▶ **GOAL OF THE EXERCISE**: Reproduce, exactly, the lines of the material below from the line containing "asos design curve" through the line containing "PINK-latte「ラグランTシャツ」|Tシャツ・カットソー|", with both end lines included and nothing else.

▶ **DATA RECORDS**:
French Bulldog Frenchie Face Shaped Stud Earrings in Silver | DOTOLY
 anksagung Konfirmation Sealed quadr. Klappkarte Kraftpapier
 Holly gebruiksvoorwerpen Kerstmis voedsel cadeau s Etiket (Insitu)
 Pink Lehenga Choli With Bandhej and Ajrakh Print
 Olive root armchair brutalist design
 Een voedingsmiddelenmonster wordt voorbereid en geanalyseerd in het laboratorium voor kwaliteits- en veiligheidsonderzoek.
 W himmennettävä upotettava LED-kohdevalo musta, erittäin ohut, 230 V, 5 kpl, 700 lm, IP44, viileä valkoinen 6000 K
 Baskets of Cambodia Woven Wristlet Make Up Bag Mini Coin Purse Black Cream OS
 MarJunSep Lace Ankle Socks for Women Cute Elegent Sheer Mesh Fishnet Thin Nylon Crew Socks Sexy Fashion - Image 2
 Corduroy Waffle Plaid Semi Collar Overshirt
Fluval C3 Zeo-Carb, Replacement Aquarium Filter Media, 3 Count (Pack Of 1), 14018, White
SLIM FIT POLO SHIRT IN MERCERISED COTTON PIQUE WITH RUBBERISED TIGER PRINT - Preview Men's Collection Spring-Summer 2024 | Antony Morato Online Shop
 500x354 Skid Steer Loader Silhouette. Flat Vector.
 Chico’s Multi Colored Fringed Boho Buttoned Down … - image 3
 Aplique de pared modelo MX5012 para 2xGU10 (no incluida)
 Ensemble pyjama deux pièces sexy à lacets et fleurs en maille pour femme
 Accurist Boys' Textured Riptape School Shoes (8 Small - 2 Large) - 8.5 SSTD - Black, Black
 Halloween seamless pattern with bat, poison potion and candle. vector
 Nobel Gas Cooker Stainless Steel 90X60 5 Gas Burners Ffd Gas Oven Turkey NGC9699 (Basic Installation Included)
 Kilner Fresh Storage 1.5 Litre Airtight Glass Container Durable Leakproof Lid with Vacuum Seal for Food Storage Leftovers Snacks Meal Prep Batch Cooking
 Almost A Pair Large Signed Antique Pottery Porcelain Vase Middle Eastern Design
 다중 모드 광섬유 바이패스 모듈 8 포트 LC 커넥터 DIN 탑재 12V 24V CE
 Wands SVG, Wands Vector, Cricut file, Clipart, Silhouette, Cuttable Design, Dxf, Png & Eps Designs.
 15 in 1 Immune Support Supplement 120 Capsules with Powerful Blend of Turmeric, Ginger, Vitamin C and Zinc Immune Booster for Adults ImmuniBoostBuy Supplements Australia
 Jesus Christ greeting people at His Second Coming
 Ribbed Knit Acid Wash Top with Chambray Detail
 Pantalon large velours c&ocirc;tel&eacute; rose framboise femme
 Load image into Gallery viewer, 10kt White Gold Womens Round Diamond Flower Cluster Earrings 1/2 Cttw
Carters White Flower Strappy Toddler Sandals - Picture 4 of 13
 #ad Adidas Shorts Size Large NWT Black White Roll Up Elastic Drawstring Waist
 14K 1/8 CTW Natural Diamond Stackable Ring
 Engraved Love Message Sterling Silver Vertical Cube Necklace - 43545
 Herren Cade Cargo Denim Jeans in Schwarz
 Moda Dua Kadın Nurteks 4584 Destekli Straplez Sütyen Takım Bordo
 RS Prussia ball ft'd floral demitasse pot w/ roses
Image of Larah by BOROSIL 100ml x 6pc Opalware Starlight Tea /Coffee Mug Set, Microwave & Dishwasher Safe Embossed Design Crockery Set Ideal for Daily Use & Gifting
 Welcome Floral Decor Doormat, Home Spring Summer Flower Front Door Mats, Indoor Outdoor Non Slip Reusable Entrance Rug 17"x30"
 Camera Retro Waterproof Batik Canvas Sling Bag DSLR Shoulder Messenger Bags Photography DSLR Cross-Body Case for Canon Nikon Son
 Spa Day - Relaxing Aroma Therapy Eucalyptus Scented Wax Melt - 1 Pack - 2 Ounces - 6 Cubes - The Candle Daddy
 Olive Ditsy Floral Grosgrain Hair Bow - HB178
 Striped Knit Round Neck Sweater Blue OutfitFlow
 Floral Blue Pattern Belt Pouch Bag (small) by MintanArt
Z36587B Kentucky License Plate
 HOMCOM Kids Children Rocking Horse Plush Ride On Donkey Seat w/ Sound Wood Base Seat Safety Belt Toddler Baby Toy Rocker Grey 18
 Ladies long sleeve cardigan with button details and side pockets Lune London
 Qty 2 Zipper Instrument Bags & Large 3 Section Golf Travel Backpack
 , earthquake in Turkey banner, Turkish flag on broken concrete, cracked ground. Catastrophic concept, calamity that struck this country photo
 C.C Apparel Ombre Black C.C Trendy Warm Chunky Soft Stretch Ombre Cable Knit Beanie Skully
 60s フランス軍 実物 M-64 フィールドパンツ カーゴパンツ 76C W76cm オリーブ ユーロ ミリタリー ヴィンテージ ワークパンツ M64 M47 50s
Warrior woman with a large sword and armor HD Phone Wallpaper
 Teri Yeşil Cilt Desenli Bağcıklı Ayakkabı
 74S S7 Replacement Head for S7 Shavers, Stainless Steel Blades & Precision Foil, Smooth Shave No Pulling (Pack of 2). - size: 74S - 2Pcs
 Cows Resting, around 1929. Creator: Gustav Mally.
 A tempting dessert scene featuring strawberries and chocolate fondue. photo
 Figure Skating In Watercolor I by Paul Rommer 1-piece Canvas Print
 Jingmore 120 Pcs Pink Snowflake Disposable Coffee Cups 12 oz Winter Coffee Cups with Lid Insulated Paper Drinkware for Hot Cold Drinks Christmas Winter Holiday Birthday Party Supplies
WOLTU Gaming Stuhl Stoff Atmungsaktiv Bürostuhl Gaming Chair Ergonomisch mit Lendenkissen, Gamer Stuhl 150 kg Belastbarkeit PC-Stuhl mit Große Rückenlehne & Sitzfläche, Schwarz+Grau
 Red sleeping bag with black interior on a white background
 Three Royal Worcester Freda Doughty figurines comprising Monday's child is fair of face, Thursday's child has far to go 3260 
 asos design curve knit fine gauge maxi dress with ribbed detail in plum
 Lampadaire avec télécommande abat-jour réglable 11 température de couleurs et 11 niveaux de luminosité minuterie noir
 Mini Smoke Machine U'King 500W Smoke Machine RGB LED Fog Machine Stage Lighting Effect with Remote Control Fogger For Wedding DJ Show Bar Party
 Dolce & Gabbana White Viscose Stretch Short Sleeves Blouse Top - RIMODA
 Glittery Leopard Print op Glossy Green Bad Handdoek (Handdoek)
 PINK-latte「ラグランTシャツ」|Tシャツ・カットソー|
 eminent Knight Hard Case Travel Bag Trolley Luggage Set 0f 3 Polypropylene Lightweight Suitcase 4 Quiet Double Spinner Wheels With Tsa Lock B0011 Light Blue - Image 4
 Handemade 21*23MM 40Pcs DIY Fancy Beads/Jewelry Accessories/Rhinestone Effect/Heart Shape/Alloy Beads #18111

▶ **ANSWER BOX**:
 asos design curve knit fine gauge maxi dress with ribbed detail in plum
 Lampadaire avec télécommande abat-jour réglable 11 température de couleurs et 11 niveaux de luminosité minuterie noir
 Mini Smoke Machine U'King 500W Smoke Machine RGB LED Fog Machine Stage Lighting Effect with Remote Control Fogger For Wedding DJ Show Bar Party
 Dolce & Gabbana White Viscose Stretch Short Sleeves Blouse Top - RIMODA
 Glittery Leopard Print op Glossy Green Bad Handdoek (Handdoek)
 PINK-latte「ラグランTシャツ」|Tシャツ・カットソー|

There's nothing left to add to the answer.